Ancaman ini muncul setelah perusahaan mengumumkan penutupan permanen operasional pabrik pada 1 Maret 2025 setelah dinyatakan pailit.
SRIL, yang dikenal dengan merek Sritex, pernah menjadi salah satu emiten unggulan di BEI. Namun, dalam beberapa tahun terakhir, perusahaan mengalami kesulitan keuangan yang berujung pada penutupan pabrik.
Direktur Penilaian Bursa Efek Indonesia (BEI) I Gede Nyoman Yetna mengatakan, operator masih menunggu perkembangan kasus Sritex. Dirinya, tak secara gamblang bilang bahwa ada potensi Sritex keluar atau delisting dari perdagangan BEI.
"Terkait dengan hal tersebut tentu kita tunggu dulu teman-teman. Kita proses juga, kita siapkan. Tentunya kita nunggu perkembangan," ujar Nyoman di Gedung BEI, Jumat (28/2/2025).
Dia menuturkan, BEI dengan manajemen SRIL telah melakukan pertemuan. Sayangnya, nyoman masih irit bicara soal pertemuan tersebut.
"Kita kalau ada isu tertentu, tentu yang kita lakukan dulu adalah konfirmasi kepada manajemen, setelah itu kita inquiry lewat Keterbukaan Informasi, kita lakukan proses seperti visit, untuk kemudian nanti kita ambil tindakan," ucap dia.
Menurut Nyoman, proses delisting emiten itu juga tidak mudah, karena perlu bantuan pihak ketiga seperti profesi penunjang pasar modal.

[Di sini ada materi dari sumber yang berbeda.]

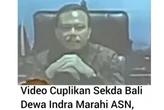 Viral Sekda Bali Memarahi ASN Buntut Donasi Banjir, Koster Membela, Begini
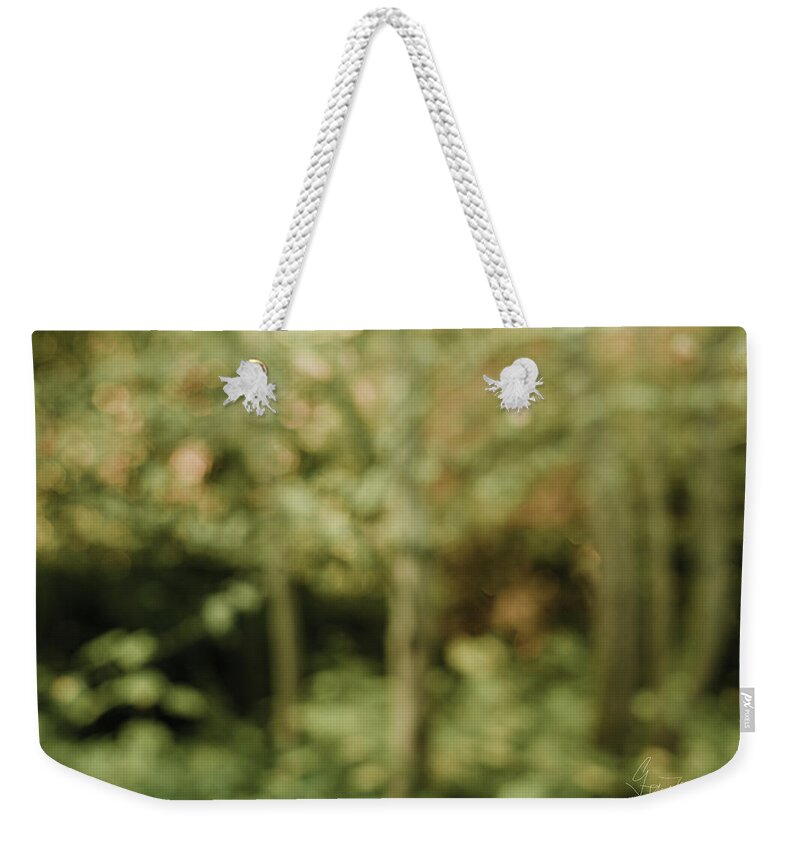 Fall Weekender Tote Bag featuring the photograph Fuzzy Nature by Gene Garnace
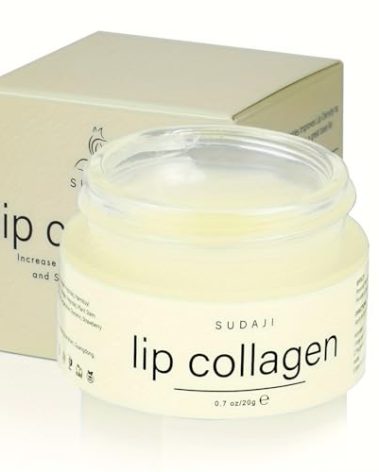 Lip Collagen + Peptide 0.7oz, Collagen Lip Mask with Vitamins E, A -Lip balm to Nourish & Hydrate Lips, Lip Moisturizer for Gentle exfoliating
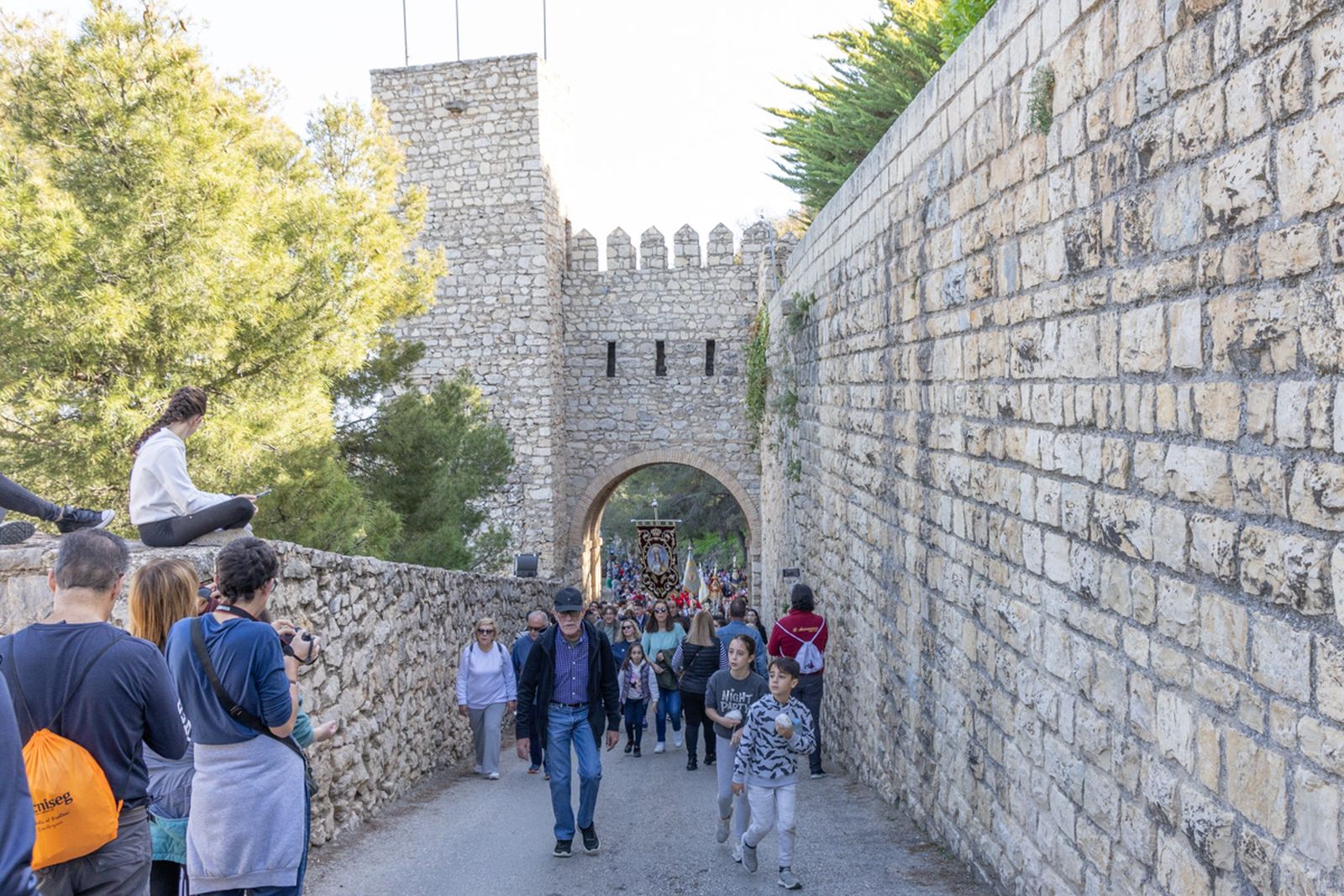 Romería en honor a Santa Catalina, en imágenes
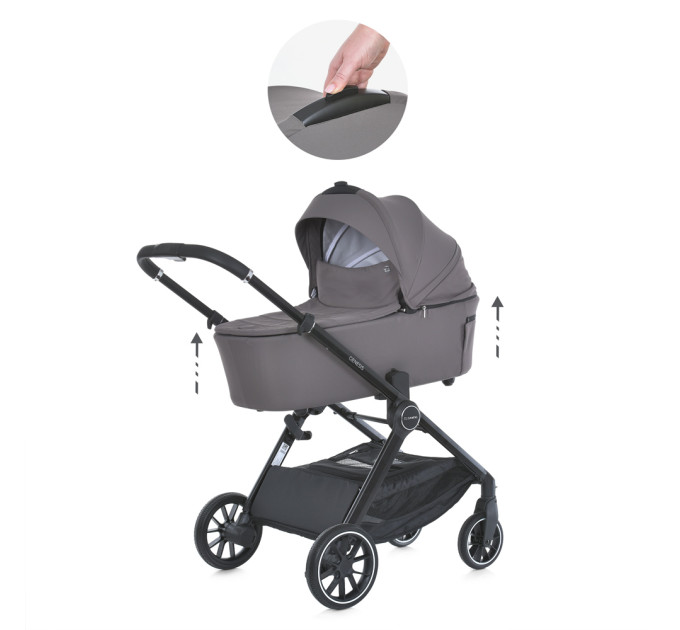 Коляска дитяча 2в1 ME 1126 GENESIS Taupe Gray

Menurut Nyoman, proses delisting emiten itu juga tidak mudah, karena perlu bantuan pihak ketiga seperti profesi penunjang pasar modal.
Untuk diketahui, Sritex perusahaan tekstil raksasa yang berbasis di Sukoharjo, Jawa Tengah, resmi menutup pabriknya secara permanen pada tanggal 1 Maret 2025. Penutupan ini berdampak pada ribuan karyawan yang harus kehilangan pekerjaan.